As a Child Care Director, you are expected to ensure a happy, safe, and stimulating environment for children. You will be required to make sure that the Child Care center always complies with all licensing while managing the day-to-day operations. You will support and oversee the overall performance of your Child Care staff in addition to developing relevant curriculum, promoting leadership within the classrooms, communicate with parents, and managing all the center’s finances.

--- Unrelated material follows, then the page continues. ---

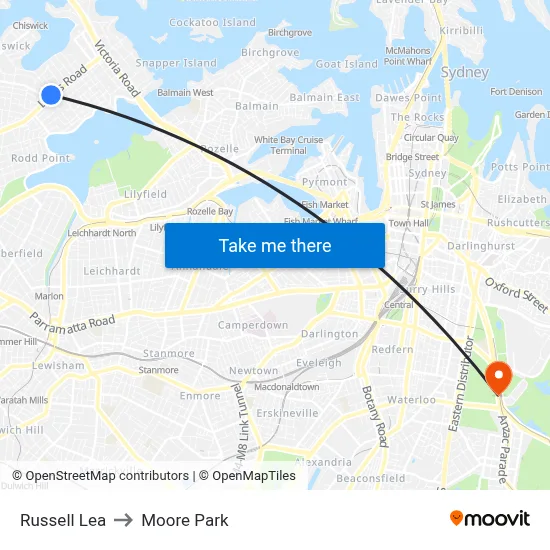 Russell Lea to Moore Park map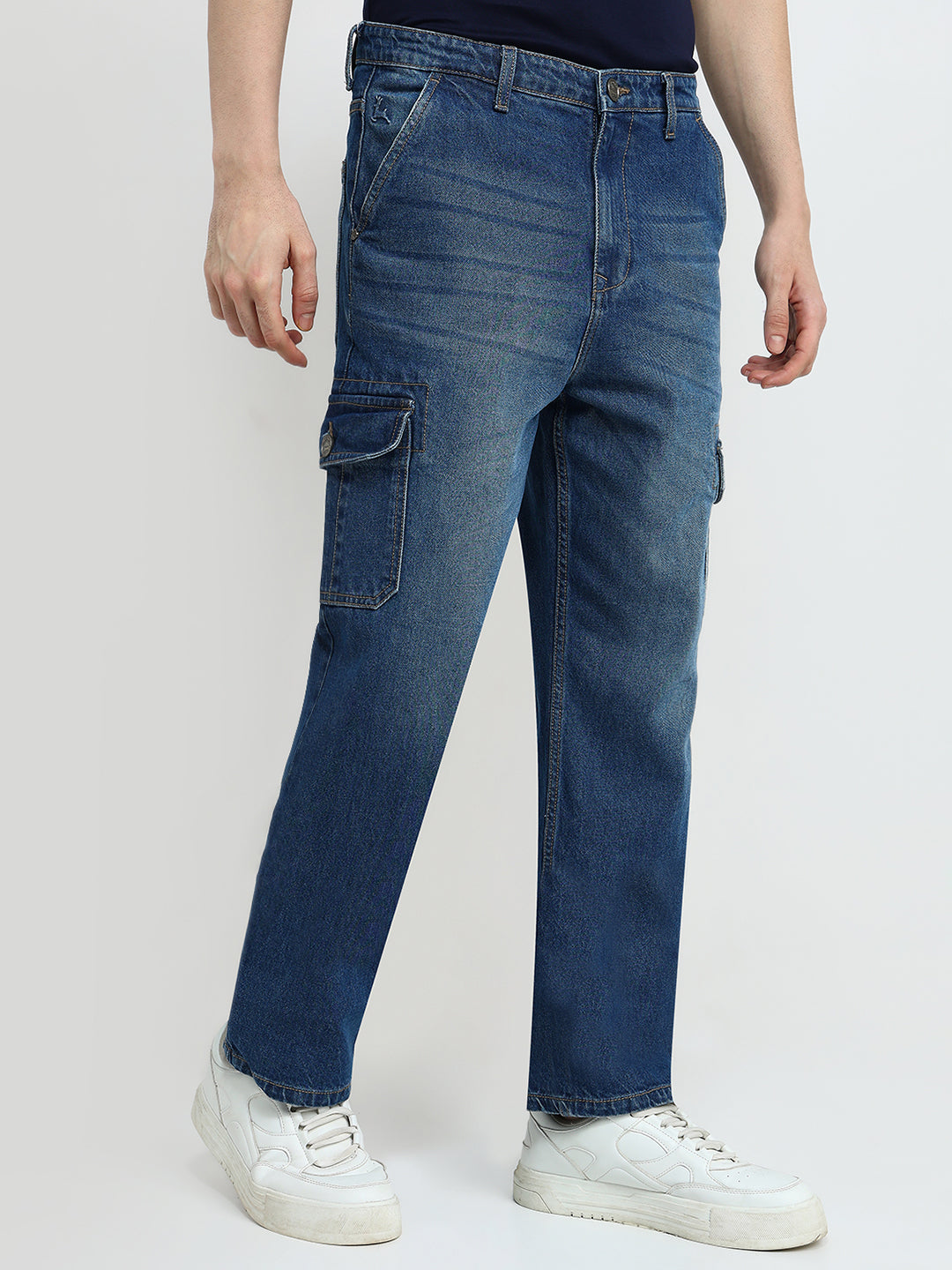 Parx Men Blue Knitted Slim Tapered Fit Cotton Blend Jeans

Here’s a look into the day in the life of a Child Care Director

Your primary task will be to effectively supervise the staff at your center and direct and coordinate activities of Child Care teachers or administrators. Other tasks that Child Care Center Directors perform daily is:

  • Monitor their student’s progress and provide both the student and administrators with assistance in resolving any problems that come up
  • Prepare and maintain attendance, accounting, planning, and activity reports and records for agencies and officials
  • Consult with parents and staff about educational activities and policies
  • Meet with prospective students and their parents
  • Meet with parents and teachers if student learning or behavioral problems arise

Education And Training To Become A Child Care Director

Your post-secondary requirements for a Child Care Director will depend on the state that you’re in and the employer that you want to work for. A privately funded facility often only requires a High School Diploma, and a publicly funded preschool usually requires their directors to have a bachelor’s degree (this may vary state to state). On the other hand, in certain states, employers will require that you have some post-secondary education in preschool education. Most states will require Child Care center directors to have experience in early childhood education, and nearly all Child Care directors have previous experience as preschool teachers. The majority of states will require that Child Care center directors have several years of hands-on experience working with children in an early childhood education setting. The exact amount of needed expertise will vary by state.

Credentials and Licenses

Most states and employers will require Child Care directors to obtain a nationally recognized credential. Some states will require the Child Development Associate credential (CDA) that is administered by the Council for Professional Recognition. To receive the CDA credential, you will need to have at least 480 hours of Child Care work experience in addition to 120 hours of education in Child Care. Both must be completed within the past five years. Your credentials can be earned in either infant/toddler preschool-aged care, and the CDA title is valid for three years and can be renewed every five years with the completion of continuing education. The National Administration Credential (NAC) offered by the National Child Care Association, provides the NAC to all Child Care Directors, no matter what level of experience they have. Directors can earn the credential by enrolling and completing a 5-day, 40-hour course. Educational curriculum, staff management, and community relations are a few topics explored in the program. The credentials are valid for two years, and once the two years have passed, 20 hours of continuing education is required to maintain this credential.

Obtaining Your License

In most states, Child Care Directors must be licensed. The requirements will differ from state to state; however, there will be a specified amount of years working in the Child Care space and a specified number of hours related to Child Care coursework. The number of hours continuing education you will need to obtain your license will be determined by the state you work in.

A Career Beyond

Once you have become a Child Care Director, there are various avenues you can seek out for growth. Some directors open their own programs after working in private and/or public-funded schools, and many even expand on to administrative positions on a district level overseeing early Child Care programs.